FEX - Fast x86 emulation frontend
FEX allows you to run x86 and x86-64 binaries on an AArch64 host, similar to qemu-user and box86. It has native support for a rootfs overlay, so you don't need to chroot, as well as some thunklibs so it can forward things like GL to the host. FEX presents a Linux 5.0+ interface to the guest, and supports only AArch64 as a host. FEX is very much work in progress, so expect things to change.
Quick start guide
For Ubuntu 20.04, 21.04, 21.10, 22.04
Execute the following command in the terminal to install FEX through a PPA.
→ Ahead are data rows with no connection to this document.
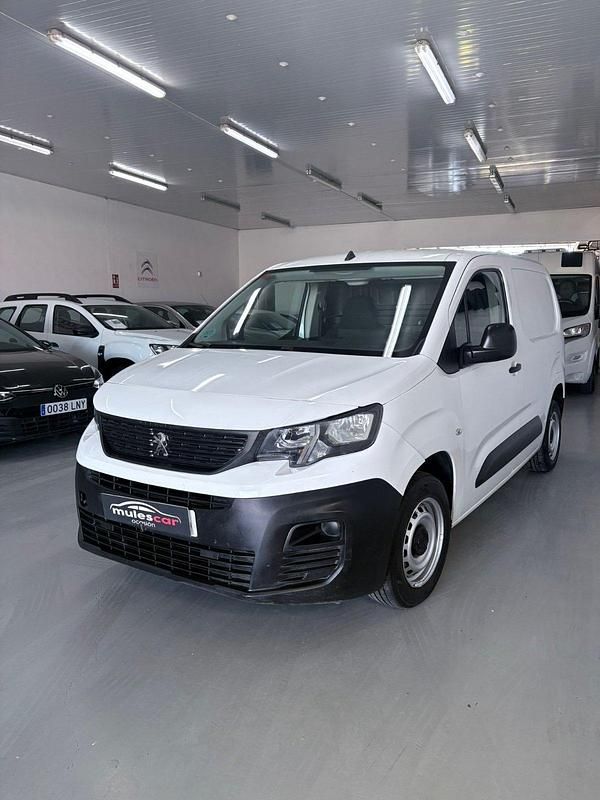 Usado Peugeot Partner 100 CV (73 kW) 2021 Blanco Monovolumen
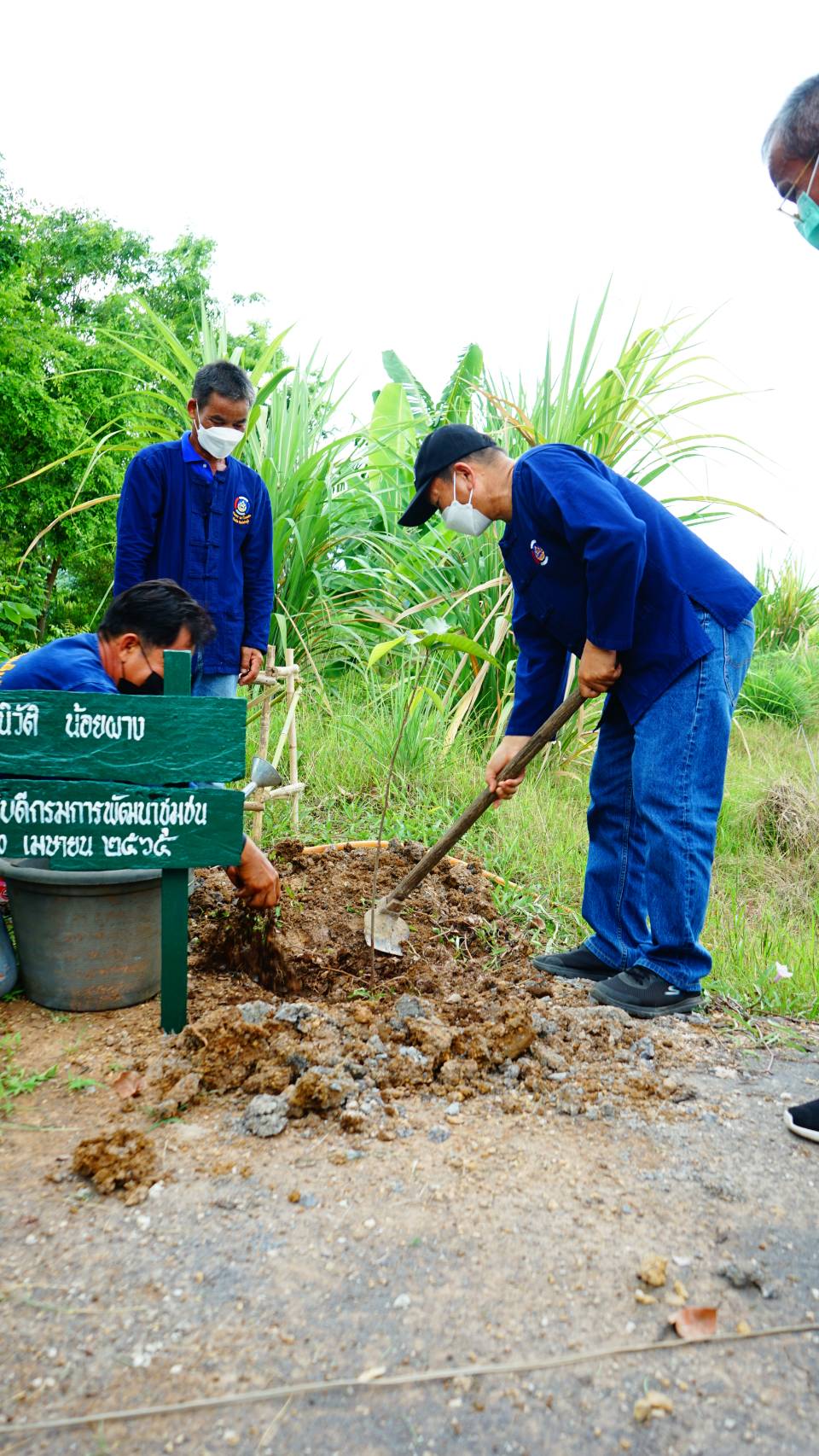 นายนิวัติ น้อยผาง รองอธิบดีกรมการพัฒนาชุมชน ลงพื้นที่ติดตามการดำเนินงานพัฒนาชุมชน ในพื้นที่ อำเภอแก้งคร้อ จังหวัดชัยภูมิ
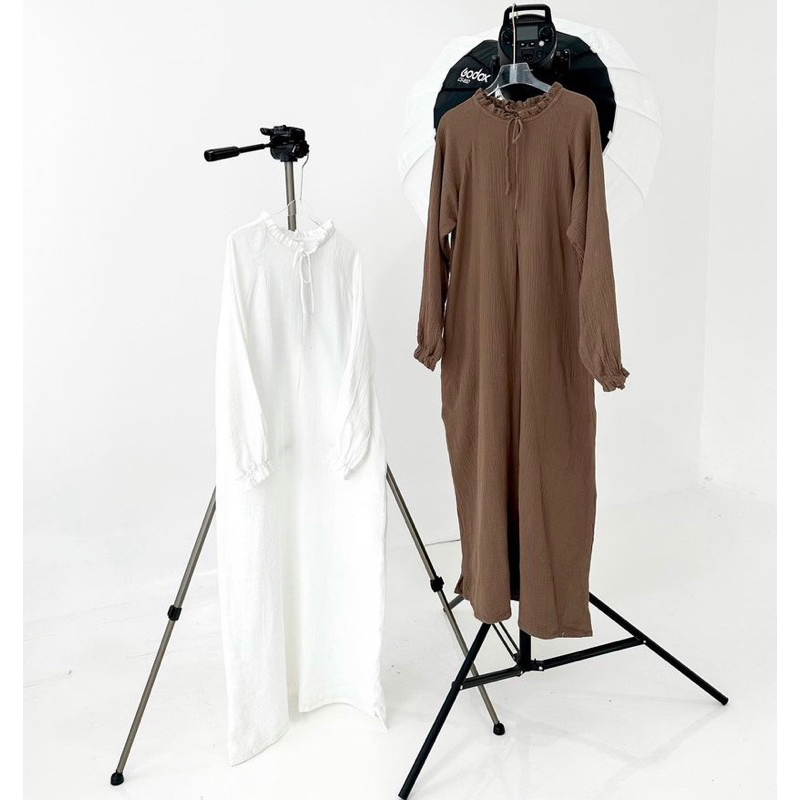 (FREEBOOKED) Lady Abaya by Aqsa modestwear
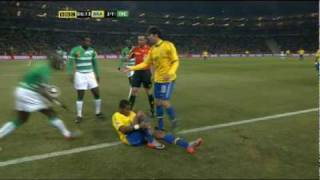0MMZOORDrAA Video Image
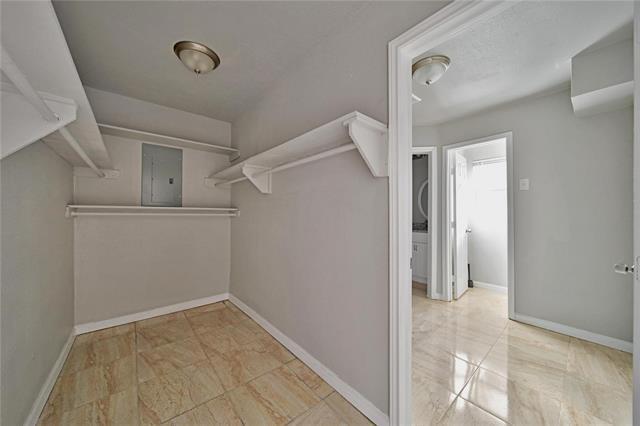 Building Photo - 10071 Woodhollow Dr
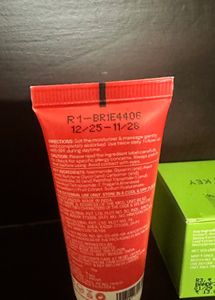 Dot &amp; Key Strawberry Dew Brightening Moisturizer a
curl --silent https://raw.githubusercontent.com/FEX-Emu/FEX/main/Scripts/InstallFEX.py --output /tmp/InstallFEX.py && python3 /tmp/InstallFEX.py && rm /tmp/InstallFEX.py
This command will walk you through installing FEX through a PPA, and downloading a RootFS for use with FEX.
Ubuntu PPA is updated with our monthly releases.
For everyone else
Please see Building FEX.
Getting Started
FEX has been tested to build and run on ARMv8.0+ hardware. ARMv7 hardware will not work. Expected operating system usage is Linux. FEX has been tested with Ubuntu 20.04, 20.10, and 21.04. Also Arch Linux.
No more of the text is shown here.